Cutting, DeLong and Nothelfer give the impression that the editor of a film has complete freedom to make a shot any length they like. This is certainly not the case in general, as anyone who has edited a film knows. In particular, for dialogue scenes, the length of the speeches has a strong influence on shot length. Even when there are cutaways to reaction shots in the middle of a speech, these tend to follow the length of sentences within the individual speeches. There is more freedom for an editor to choose shot length in action scenes, but the need for cuts on action at certain points again exerts some control on shot length, and even the length of the actions of the actors themselves, as staged, has to be respected.

It is these and other independent causes simultaneously acting to determine the lengths of shots that produce the usual Lognormal distribution of shot lengths, as I have said so often before. However, the trend towards using more jump cuts within scenes, which is demonstrated in the “Statistical Style Analysis – Part 4” section of my Film Style and Technology: History and Analysis (3rd edition), does give some more freedom to choose the shot length independently of the content of the shot, if editors want to. This freedom is inherent in a montage sequence, and accounts for the very large chains of similar length shots in Rocky IV (1985), as revealed in the analysis by Cutting and his co-workers.
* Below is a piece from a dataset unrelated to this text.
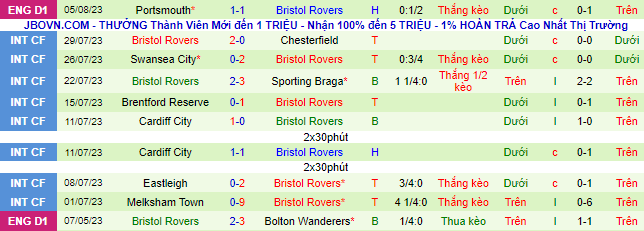 Nhận định, soi kèo Ipswich vs Bristol Rovers, 1h45 ngày 10/8 - Ảnh 3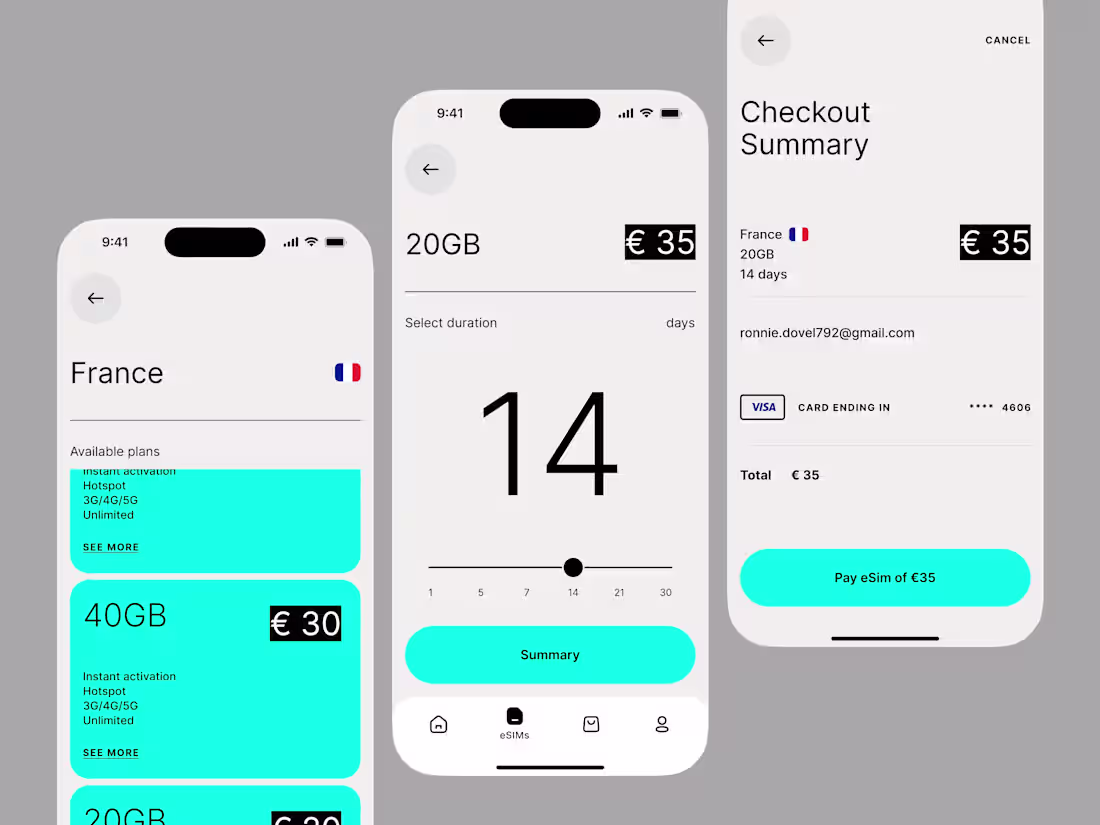 Cover image for eSIM Purchase Flow for Global Travel App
Rocky IV has many (too many) training montage sequences cut to the regular beat of music, which is what pushes it right up to the top of the shot correlation stakes. If audiences could be satisfied with nothing but action movies that have NOTHING but action in them, then the ASL could get shorter than the minimum of 1.5 seconds, where it has halted at present, and the various shot length correlations studied by Cutting et al. could attain the maximum all the time, but I don’t think this is likely.

On the Large Scale

James Cutting has more recently suggested that the long waves measure the location of “Acts” in the film structure, but this seems dubious to me, since I don’t believe that film scripts are actually constructed in terms of “Acts”. I think most films script-writers don’t believe in “Act” divisions either. The act concept is indeed used by some film producers and directors in discussing scripts, and of course by non-script writers writing books about how to write film scripts. Anyway, this hypothesis can be tested by using the Fourier transform method to see whether it gives locations for act boundaries that coincide with those postulated in a particular film by someone who believes in them, such as Kristin Thompson.
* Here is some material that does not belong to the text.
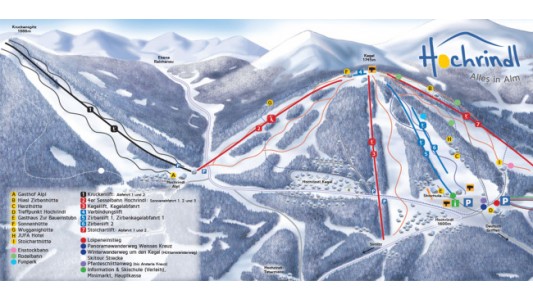 Appartements Sonnenhof Hochrindl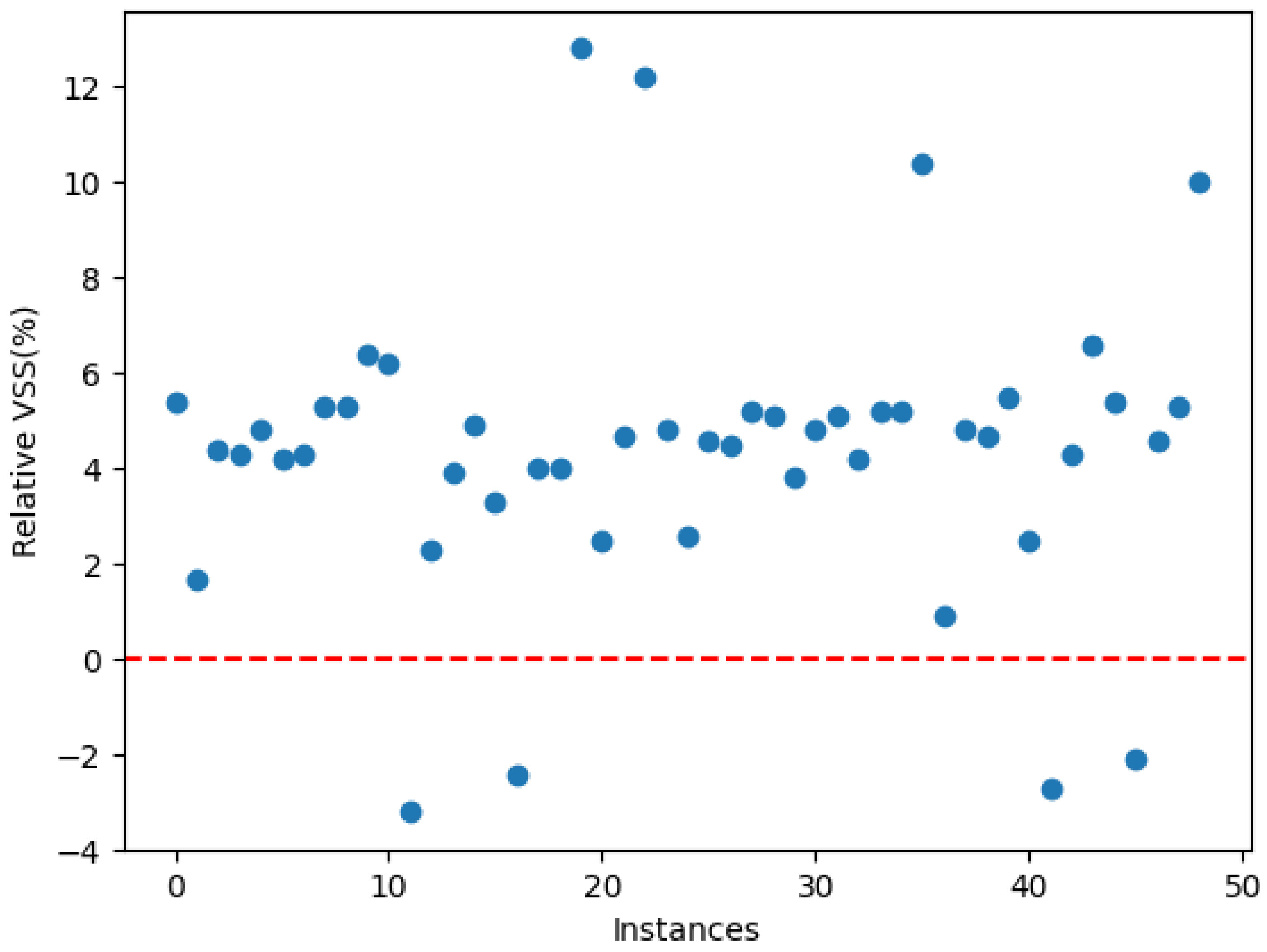 Applsci 12 03034 g007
There are some further doubts about the postulated fundamental connection between the (hypothetical) basic psychological processes of attention, and film shot lengths. One alternative view of the matter is that the film audience is primarily attending to the succession of things represented in the film scenes, not the cuts between the shots. These cuts were certainly intended by film-makers to be “invisible” up until recent times. The counter-example to think about here is the most popular variety of videogame, while also remembering that videogames make more money than films nowadays. This is the “first person shooter”, which consists of just a continuous Point of View shot of what is meant to be in the protagonist’s sight, with no cuts in the scene shown on the computer screen. In first person shooters the player’s attention is totally gripped, completely without the benefit of editing.
Another thing about Cutting et al.’s ideas that still bothers me is the question, “Why are films mostly still falling short of the maximum mAR and 1/f slope after 90 years of the use of standard film construction, if the postulated psychological effect is so powerful?”

Nevertheless, all the above is obviously far from being the last word on this work by Cutting et al., and what they have done is certainly usefully provocative.